In het afgelopen jaar waren meer dan 20 miljoen vluchtelingen, asielzoekers en andere mensen in nood op de dool, zo meldt het Hoog Commissariaat voor Vluchtelingen van de Verneigde Naties. Het beschamende daarbij is dat het uitgerekend de derdewereldlanden zijn die het grootste aantal vluchtelingen moeten opvangen. Veel van deze mensen hebben vreselijke trauma’s doorgemaakt en hebben nood aan meer dan een materiële opvang. Wat de kinderen betreft heeft het Hof van Straatsburg de opsluiting van kinderen in gesloten opvangcentra verboden. Toch blijft deze praktijk bestaan, ook in ons land. In deze vredesweek wordt de aandacht gevraagd voor de schrijnende situatie van veel vluchtelingen. Pax Christi roept daarom alle beleidsorganisaties op om mee te werken aan structurele maatregelen zoals controle op de wapenhandel, het afsluiten van eerlijke handelsakkoorden zodat westerse producten de eigen landbouw in het Zuiden niet komen ontwrichten. Door recente evolutie in Europa is het grensbeleid en de vluchtelingenproblematiek een zaak geworden van de ministers van buitenlandse zaken en justitie. Daarmee kan men de eigen verantwoordelijkheid rustig van zich afschuiven. Het asielrecht dient aangepast en verfijnd te worden. De Westerse landen moeten daarbij veel verder gaan dan ze nu doen. Men moet grondige studies maken over de bedreigende oorzaken die mensen ertoe dwingen hun land te ontvluchten, men moet bekommerd zijn om ecologische veranderingen waarvan de armsten het eerste slachtoffer zijn, enz.    
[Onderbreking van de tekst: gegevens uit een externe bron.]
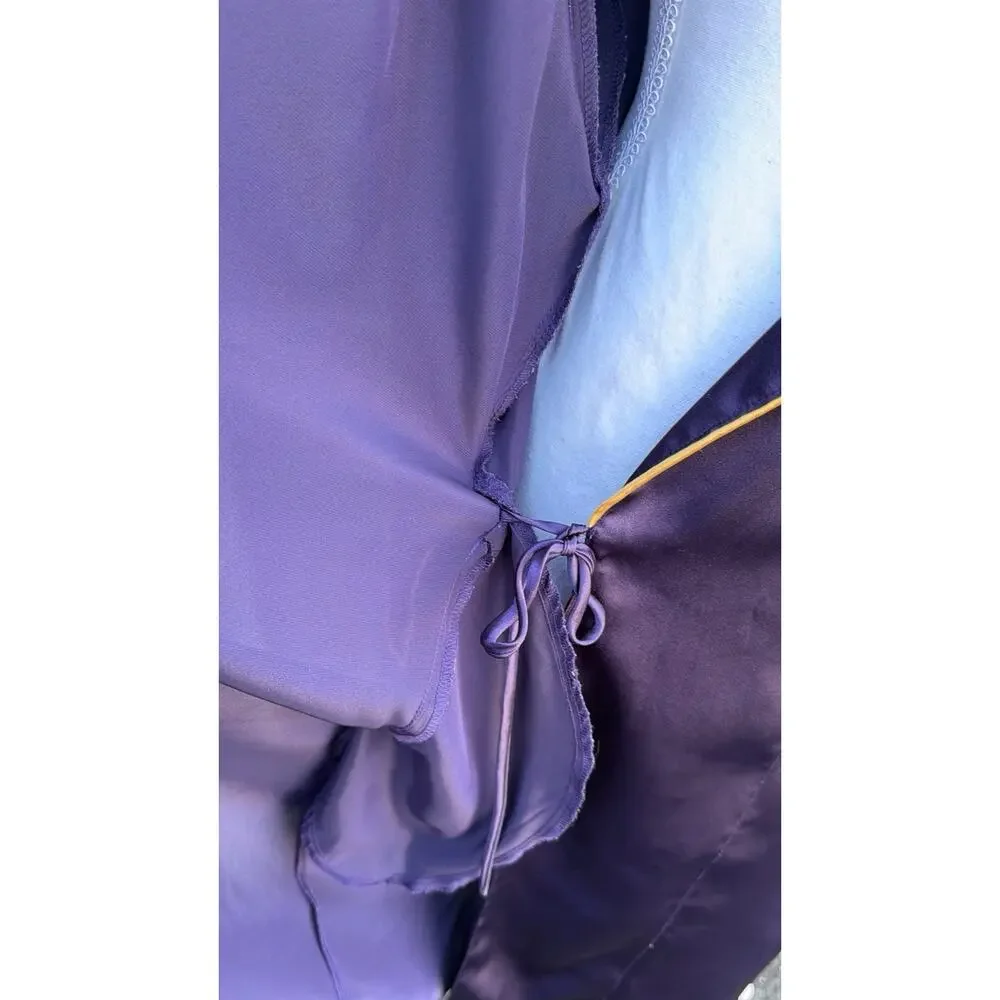 Victoria's Secret Satin Kimono Robe XL Dark Purple Gold Trim Long Belted Pockets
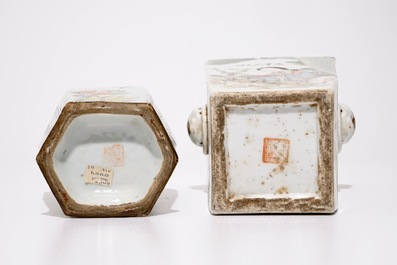 A square Chinese qianjiang cai vase and a hexagonal famille rose vase, 19/20th C.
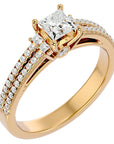 Inel de Logodnă Pavé cu Moissanite Tăietură Princess de 0.73 ct din 18k Aur Galben - Castelo.ro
Het zijn allemaal structurele maatregelen die van levensbelang zijn. Maar ik denk dat wij elk persoonlijk ook een stuk kunnen bijdragen voor een hartelijke en gastvrije sfeer. Onze persoonlijke levensstijl, onze stijl van samenleven en onze religieuze mentaliteit komen daarbij in vraag te staan. Ik denk dat het niet toevallig is dat deze vredesweek elk jaar in het begin van oktober wordt gehouden. Deze week, op 4 oktober vierden we het feest van de heilige Franciscus, de man die met de dieren sprak en door zijn sobere levenshouding een nieuwe mentaliteit in Europa teweeg bracht. Franciscus kennen we vooral via zijn zonnelied, waarnaar we straks luisteren.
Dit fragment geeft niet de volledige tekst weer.